Frente a la explosión, en medio del desastre de las pompas, escuchando la música del pífano, pensaban en el diluvio bíblico, en el Apocalipsis, en el viento maléfico que arrasara a Macondo, y afirmaron que había ocurrido muchas veces, que no era más que una pálida copia de los cacareados finales, y se dispusieron a disfrutar de su extinción.

Enmanuel enmudeció, atónito por la postura de los mohosos. Los vio desaparecer como felices de estar asistiendo al final de sus vidas.

"¿Para qué continuar?", le dijo al Niño del Pífano. La Troyana iba a mirarlo con desprecio, echarle en cara su pereza, gritarle desde el relámpago que renunciara a él, pero que ella continuaría, muy a pesar de todos los vaticinios.
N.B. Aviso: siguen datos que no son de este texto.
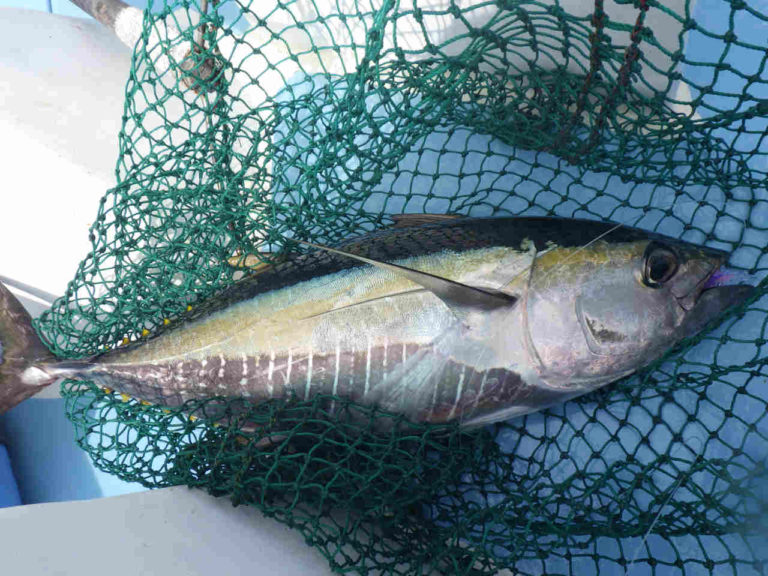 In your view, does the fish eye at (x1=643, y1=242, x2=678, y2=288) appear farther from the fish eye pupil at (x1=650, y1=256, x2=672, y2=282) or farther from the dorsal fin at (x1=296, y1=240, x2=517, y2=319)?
the dorsal fin at (x1=296, y1=240, x2=517, y2=319)

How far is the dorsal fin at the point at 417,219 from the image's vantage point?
5.25 ft

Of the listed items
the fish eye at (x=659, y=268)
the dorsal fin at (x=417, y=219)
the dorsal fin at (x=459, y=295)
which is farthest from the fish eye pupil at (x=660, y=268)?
the dorsal fin at (x=417, y=219)

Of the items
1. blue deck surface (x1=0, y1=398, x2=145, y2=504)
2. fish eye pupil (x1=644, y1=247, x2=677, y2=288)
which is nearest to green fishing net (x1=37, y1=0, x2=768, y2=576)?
fish eye pupil (x1=644, y1=247, x2=677, y2=288)

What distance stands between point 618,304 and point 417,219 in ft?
1.94

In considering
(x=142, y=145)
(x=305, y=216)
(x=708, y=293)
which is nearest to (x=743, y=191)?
(x=708, y=293)

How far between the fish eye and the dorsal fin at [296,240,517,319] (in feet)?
0.99

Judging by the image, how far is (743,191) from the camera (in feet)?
4.96

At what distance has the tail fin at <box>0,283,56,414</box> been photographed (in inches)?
65.6

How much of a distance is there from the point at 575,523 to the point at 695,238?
0.81 metres

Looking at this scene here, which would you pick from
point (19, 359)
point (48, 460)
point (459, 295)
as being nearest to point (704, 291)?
point (459, 295)

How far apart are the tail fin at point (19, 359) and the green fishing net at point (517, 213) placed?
0.05 meters

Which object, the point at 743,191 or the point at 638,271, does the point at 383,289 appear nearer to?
the point at 638,271

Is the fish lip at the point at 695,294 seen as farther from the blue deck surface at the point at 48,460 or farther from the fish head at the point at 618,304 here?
Result: the blue deck surface at the point at 48,460

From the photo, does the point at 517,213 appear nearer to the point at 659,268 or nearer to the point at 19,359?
the point at 659,268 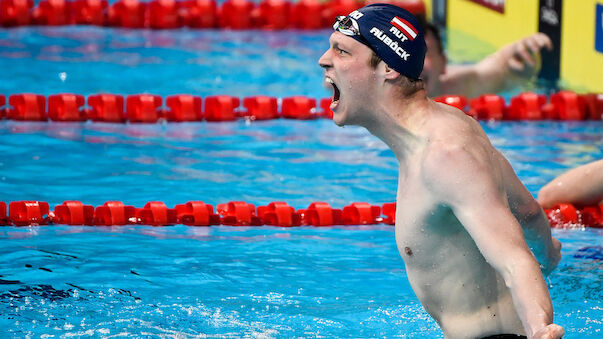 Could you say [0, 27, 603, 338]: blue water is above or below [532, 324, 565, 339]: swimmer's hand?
below

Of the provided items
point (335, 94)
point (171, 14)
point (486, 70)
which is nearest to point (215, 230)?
point (335, 94)

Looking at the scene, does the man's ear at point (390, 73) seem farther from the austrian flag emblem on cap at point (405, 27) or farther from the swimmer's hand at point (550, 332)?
the swimmer's hand at point (550, 332)

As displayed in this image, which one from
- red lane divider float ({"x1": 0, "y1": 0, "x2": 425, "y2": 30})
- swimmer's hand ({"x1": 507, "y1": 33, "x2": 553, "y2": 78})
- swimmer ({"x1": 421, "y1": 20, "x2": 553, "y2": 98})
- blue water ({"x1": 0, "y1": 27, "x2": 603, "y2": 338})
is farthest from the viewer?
red lane divider float ({"x1": 0, "y1": 0, "x2": 425, "y2": 30})

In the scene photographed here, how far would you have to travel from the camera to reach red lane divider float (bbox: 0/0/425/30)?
30.5 ft

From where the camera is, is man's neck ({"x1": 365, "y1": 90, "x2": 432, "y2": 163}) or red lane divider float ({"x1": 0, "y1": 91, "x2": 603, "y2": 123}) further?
red lane divider float ({"x1": 0, "y1": 91, "x2": 603, "y2": 123})

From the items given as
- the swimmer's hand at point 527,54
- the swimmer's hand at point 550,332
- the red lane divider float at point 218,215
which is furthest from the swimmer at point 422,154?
the swimmer's hand at point 527,54

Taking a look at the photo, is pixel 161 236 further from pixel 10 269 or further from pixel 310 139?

Argos sintió impulsos de desgarrarle las entrañas a dentelladas. El Abuelo creyó nuevamente que vencía, y se había dispuesto a desclavarse el guiño de la Troyana. El Niño del Pífano, con los codos en las rodillas y el rostro entre las manos, le susurró a Enmanuel: "Toda elección supone una renuncia. Tú decides".

Enmanuel oyó en su recuerdo, repicando como una campana, la voz del Abuelo suplicándole que asesinara al Niño del Pífano, y recordó, sin proponérselo, las canciones del Duende del Capirote Verde alegrándole la existencia al Hombre de la Muchacha sobre la baranda pintada de azul, y vio cómo el Hombre se había dormido junto al río, sin esperanzas ya, mientras el esqueletito del Duende era arrastrado por la corriente a través de todas las sinuosidades del olvido, y encaró resueltamente la mirada de la Troyana, que dio un paso más hacia la nube adonde habían arribado las Pastoras.